- DATA PROVIDED -
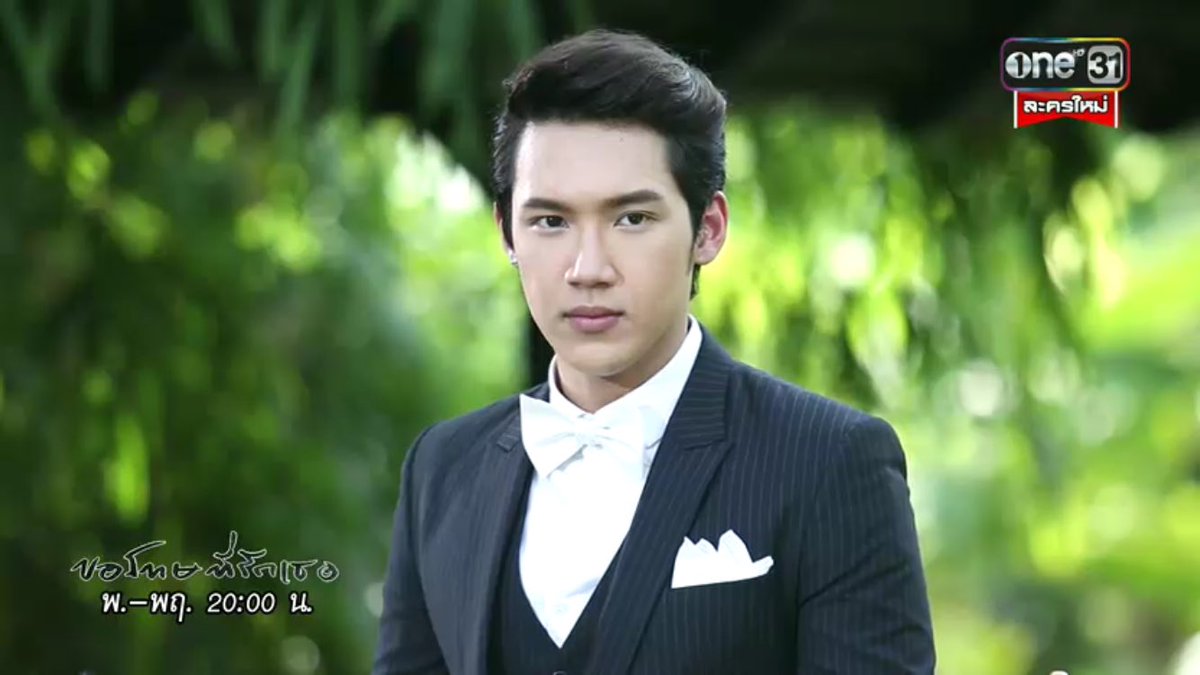 ทำไมรู้สึกคุ้นชินกับสายตาแบบนี้ 😂😂 นี่มันแกงส้มมองพี่นางฟ้าชัดๆ 555 #ขอโทษที่รักเธอ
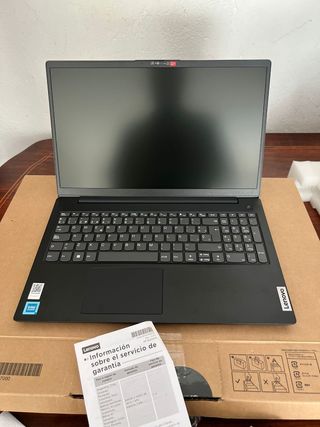 Ordenador portatil Lenovo V15 G2 IJL Nuevo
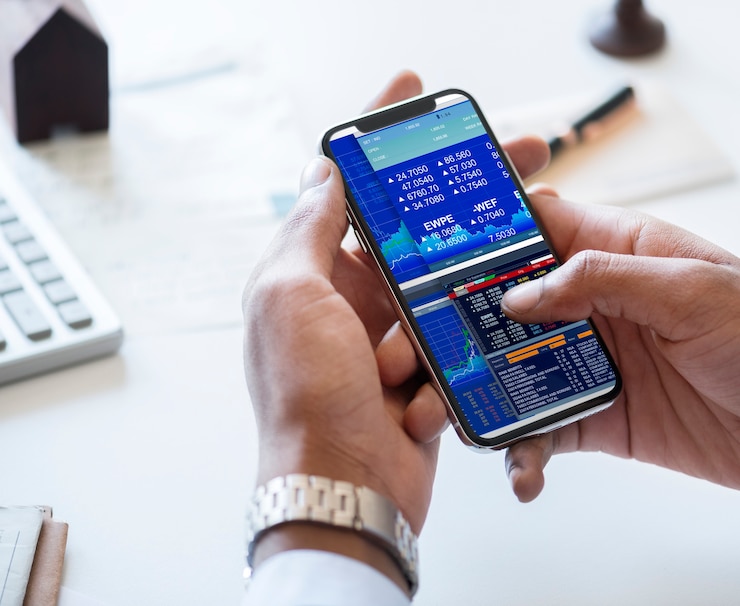 Foto gratuito empresario comprobando el mercado de valores en línea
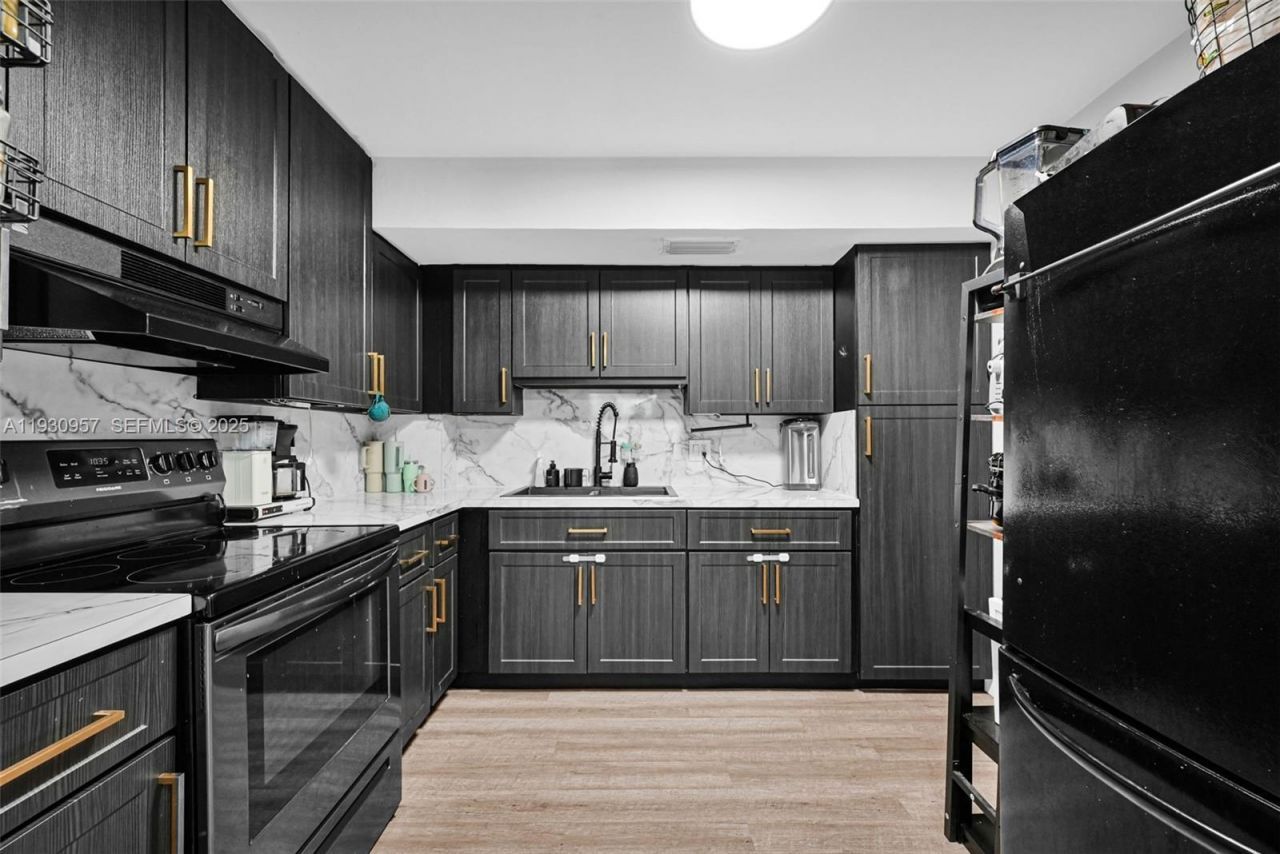 3900 N Hills Dr , Unit 303, Hollywood, FL 33021 Photo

- REQUIRED ACTION -
Transcribe the whole listing above exactly and leave out the pictures.

- WRITTEN ANSWER -
 ทำไมรู้สึกคุ้นชินกับสายตาแบบนี้ 😂😂 นี่มันแกงส้มมองพี่นางฟ้าชัดๆ 555 #ขอโทษที่รักเธอ
 Ordenador portatil Lenovo V15 G2 IJL Nuevo
 Foto gratuito empresario comprobando el mercado de valores en línea
 3900 N Hills Dr , Unit 303, Hollywood, FL 33021 Photo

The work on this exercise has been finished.